We confess we’ve been expecting something to be brought up at the last minute. It is, after all, the Democratic Party’s modus operandi. In the case of Clarence Thomas, it looked like the hearings were done and the nominee on the way to confirmation, when there was suddenly leaked an FBI report touching on Anita Hill’s allegation of sexual harassment.
Something similar happened in respect of Justice Kavanaugh. His four days of hearings were finished, and he, too, appeared on the road to confirmation when Senator Dianne Feinstein finally aired the allegation of the judge’s alleged misbehavior with a young woman at a party decades earlier. In both cases, the nominees were suddenly in doubt.
That is no doubt the moment the Democrats are reaching for with the surfacing, at the last moment, of two new pieces of evidence. One is from part of John Bolton’s draft memoir. The Times reports it suggests that in August Mr. Trump told his then-national security adviser that he wanted to hold $391 million of security aid against Ukraine’s help with a probe of the Bidens.

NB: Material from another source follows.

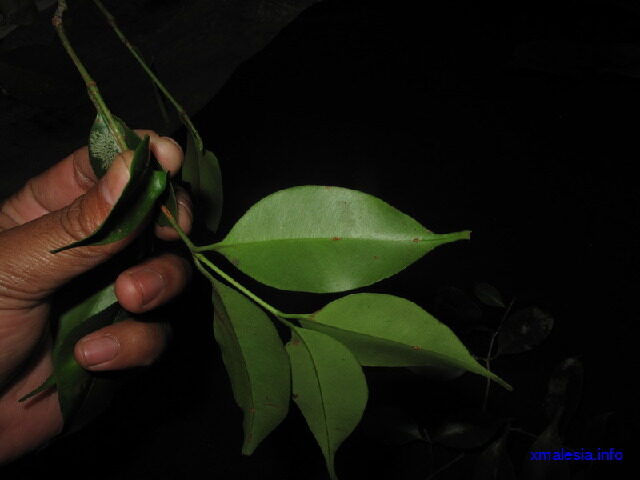 Garcinia rostrata — photo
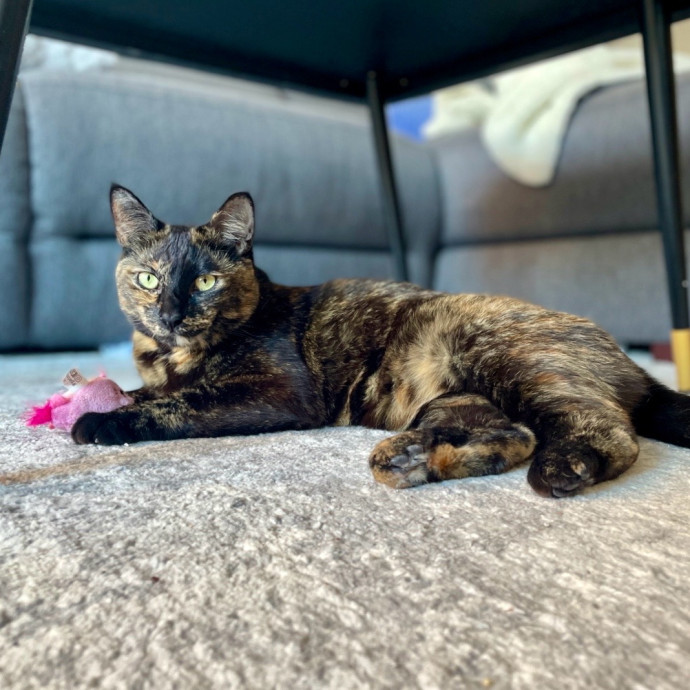 Purr-Fect Paw-Sibilities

The other appears to be a cellphone recording of Mr. Trump meeting in 2018 with a group of donors that included Lev Parnas, an American businessman and crony of Mayor Giuliani. It captures Mr. Trump being told that his envoy to Ukraine has been predicting the President would be impeached and Mr. Trump responding, “Get her out tomorrow. I don’t care.”
That any of this evidence would be dispositive on the charges being heard in the Senate strikes us as unlikely. It looks, though, like an effort is underway to use the evidence to try to blow up the impeachment trial. No less a figure than President Obama’s erstwhile acting solicitor general, Neal Katyal, is out with an op-ed piece today in the Times suggesting turning to Chief Justice Roberts.
Mr. Katyal argues that under Senate rules Chief Justice Roberts — who, the Constitution itself ordains, presides when a president is tried in the Senate — has his own authority to subpoena evidence. Mr. Katyal recommends the Chief Justice do so, whatever a majority of the Senate might want. The idea seems to be that the evidence is so powerful that the Senate will be swayed.
That strikes us as a long shot. The purely partisan basis on which the House handed up its charges — nary one Republican vote — itself creates doubt, a point made in the Clinton impeachment trial in 1999. That’s impeachment 101. Plus, too, Mr. Trump would be fully justified in cashiering an envoy who is undercutting the president he or she represents.
As for Mr. Bolton’s memoir, our sense of the situation is that it wouldn’t matter whether Mr. Trump used foreign aid to pressure Ukraine into looking into the Bidens. That’s because it would be the right thing to do if Mr. Trump had genuine concerns about corruption. And what kind of president would look at the Biden situation and not at least have questions?
In any event, this kind of desperate, last minute effort to upend a proceeding that appears to be going in a direction the Democrats don’t like, well, it’s the Democrats’ m.o. That it failed twice, and left a trail of bitterness, apparently hasn’t stopped the Democrats. They just don’t want to leave the question of Mr. Trump’s presidency to the voters.